Every line of the material must be given again verbatim. Skip the images.

Supplied material Start Marker

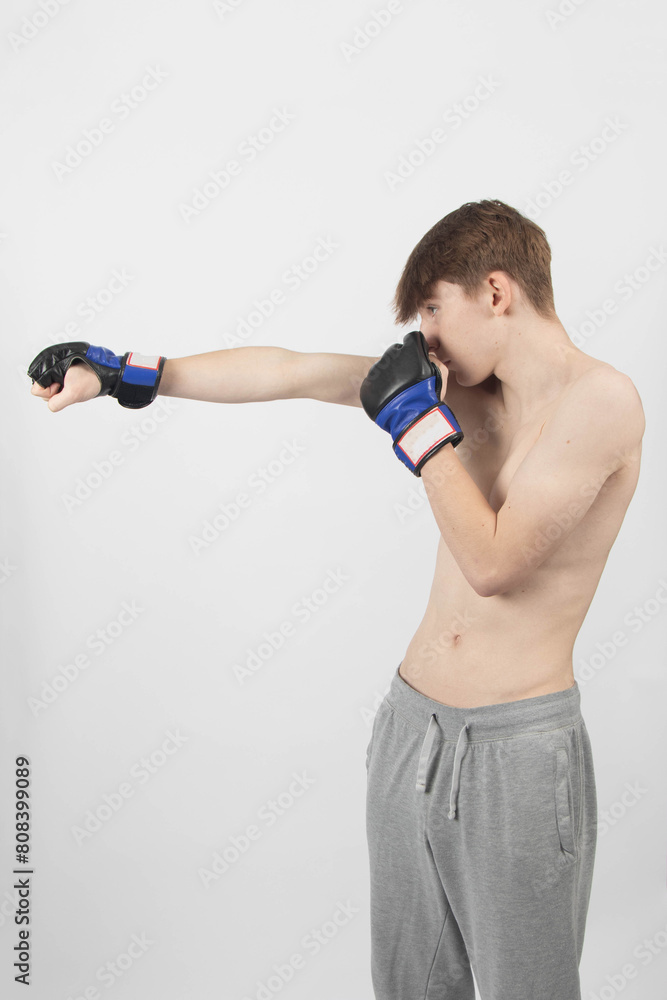 A Shirtless Teenage Boxer Boy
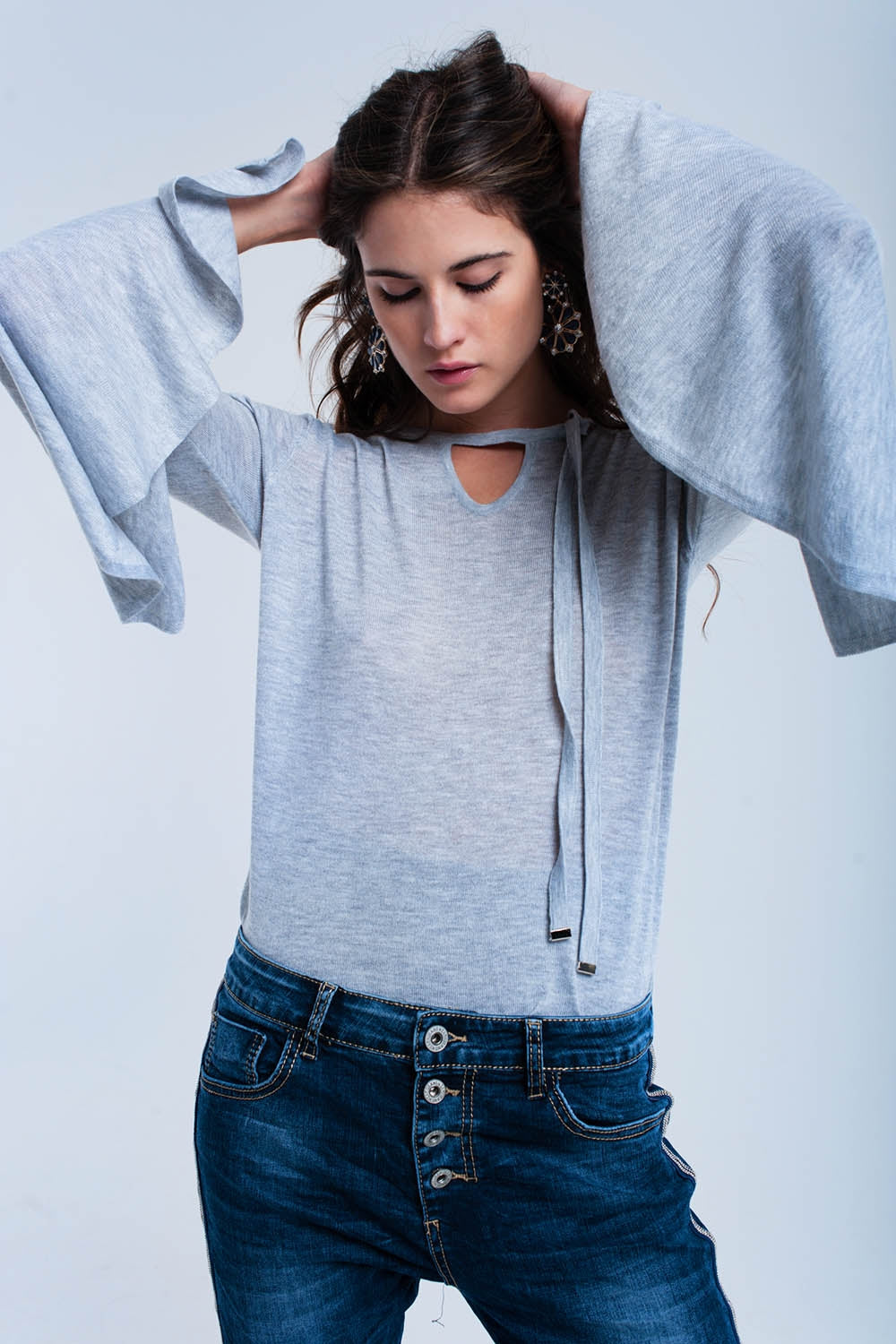 Jersey gris con manga de campana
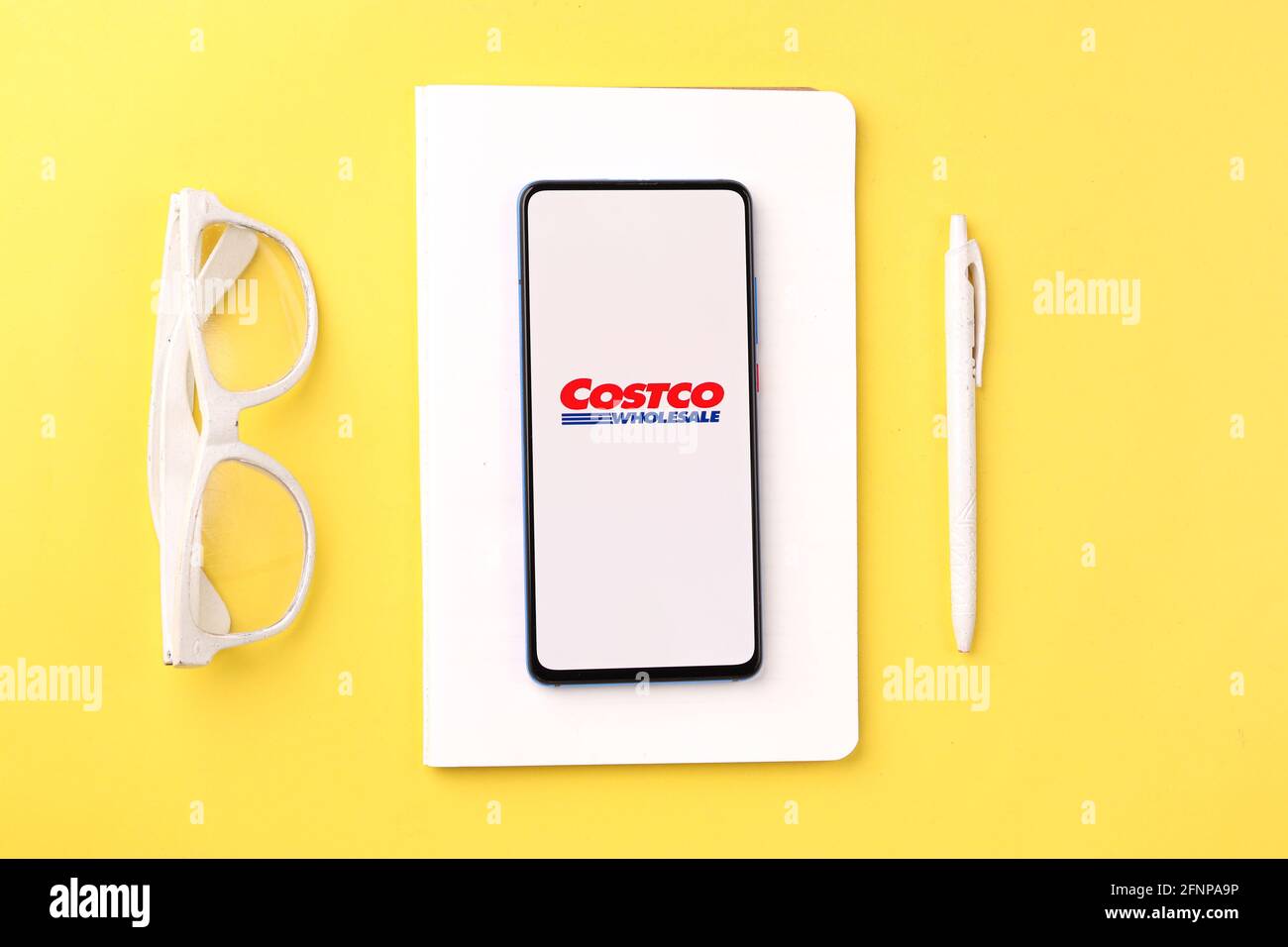 Assam, india - May 18, 2021 : Costco logo on phone screen stock image. Stock Photo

Supplied material End Marker

# Task result
 A Shirtless Teenage Boxer Boy
 Jersey gris con manga de campana
 Assam, india - May 18, 2021 : Costco logo on phone screen stock image. Stock Photo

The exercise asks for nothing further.